What links together this community of scientists, disciplines, and institutions is a deeply shared interest in the investigation of long-term societal adaptations using comparative and computational methods—approaches that are now breaking new scientific ground that goes beyond earlier theories and methods. The Mason-Smithsonian Joint Project on Inner Asia includes many of the characteristic features found in other complex social simulation projects and is used here to illustrate the methodology outlined in the previous section.

Core questions and theory

The progression of theoretical models is driven by the core questions (positive heuristic) of the research program. In the case of the Mason-Smithsonian project, the questions are: How did polities first emerge in Inner Asia? What effect, if any, might neighboring polities (China) have had? How did Inner Asian polities evolve over periods of history that were sufficiently long to include climate variation? How did semi-nomadic (agropastoralist) societies eventually form territorial albeit non-sedentary polities? How can one explain the large expanse of the Mongol Empire, given its relatively simple form of government? From a comparative perspective, numerous smaller polities (e.g., Renaissance republics in Europe) have operated with vastly more complex systems of governance—how did the Mongols do it? These and other scientific puzzles constitute the core project questions of the Mason-Smithsonian Inner Asia Project.

The main theoretical framework used in the project is the so-called "canonical theory" for explaining sociopolitical change (origins and development of polities) based on a process of variations around a recurring theme of societal challenges and collective action responses—with occasional failures (Cioffi-Revilla 2005). Over time, a society (social groups) succeeds or fails in addressing threats and exploiting opportunities, depending on their leadership and collective capacity to act; as well as on processes linked to the natural environment where they are situated. Degrees of success and failure produce various levels of development and decay, respectively. Collective action operates on a time scale akin to a "fast process" (synchronic change), whereas historical evolution and political change operate on a longer time-scale akin to a "slow process" (diachronic change). Pages from a historical atlas—a useful metaphor for this class of complex social simulation—mark the slow/diachronic process; pages from a historical memoir or chronicle (e.g., The Secret History of the Mongols; Weatherford, 2004) are replete with fast/synchronic processes.

The canonical theory comprises a set of related and interdisciplinary path-dependent explanations that account in an integrated way for variations in historical change, unlike earlier theories that rely mostly on implicitly deterministic mono-causal explanations and eschew the presence of multiple time-scales in sociopolitical evolution (synchronic and diachronic change). For example, the canonical theory includes original ideas as well as elements from earlier social theories by Carneiro (1970), Marcus (1993), Olson (1965), and Lichbach (1996), among others. Formally, the canonical theory is modeled as a probabilistic branching process (a forward logic sequential tree) with subtrees grafted onto the main nodes that consist of lotteries and decisions by Nature and human agents, respectively.

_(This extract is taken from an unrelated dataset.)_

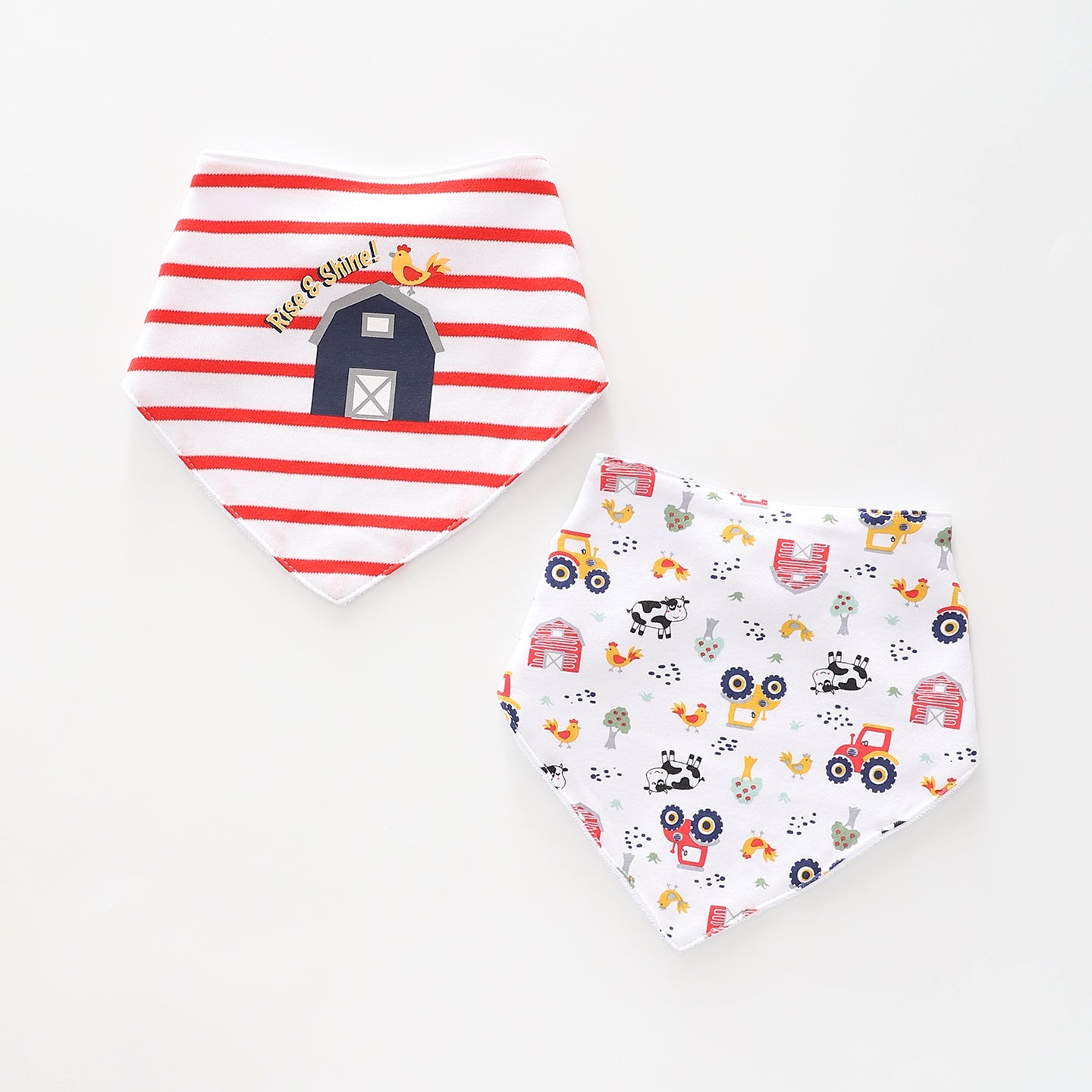 Baby On The Farm Bandana Bibs 2 Pack Ollies Place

In terms of the earlier criteria and characterization of complex social simulations, the Mason-Smithsonian Inner Asia Project provides a nice fit in terms of investigating (1) coupled socio-natural systems (the canonical theory includes both social and natural dynamics), (2) ranging over multiple spatio-temporal scales (local household terrain to continental/international scale, over a period of approximately 3,000 years), and (3) requiring a multidisciplinary approach (integrating knowledge from the social, computational, and natural sciences).

The computational simulation models that formalize (instantiate) the canonical theory and related processes in the Mason-Smithsonian project are built with the MASON (Multi-Agent Simulator of Networks and Neighborhoods) toolkit (Luke et al. 2005). (Other agent-based simulation toolkits include Swarm, Netlogo, Repast, and Cormass. See Gilbert (2008) and Nikolai and Madey (2009) for recent surveys.) MASON is written in the Java programming language, but MASON models (such as those described in the next section and others) can be rendered in small .jar files (generally just a few MB) that run on a personal computer without a user having to know the Java language. However, knowledge of Java is necessary to build or modify (as opposed to experiment with) a given model.

Progressive computational models

Inner Asia is a vast region of the world comprising several ecological zones (ecosystems) that range from desert, to steppe, to high mountain; and numerous and diverse societies that extend from modern-day Mongolia to its neighbors, especially to the west, towards Central Asia. During the first millennium BCE (and until recently) many of these societies were agro-pastoralist or semi-nomadic communities that relied on herding, trade, and limited forms of agriculture. Thus, the human and societal ontology of the target system for this region of the world includes numerous nomadic actors: migratory households with movable possessions, seasonal camps, "states on horseback", and other non-sedentary social entities that are relatively uncommon elsewhere in the world. In addition, sedentary polities also co-exist with nomads, as neighbors or mingled, depending on the time period and usually in strong competition.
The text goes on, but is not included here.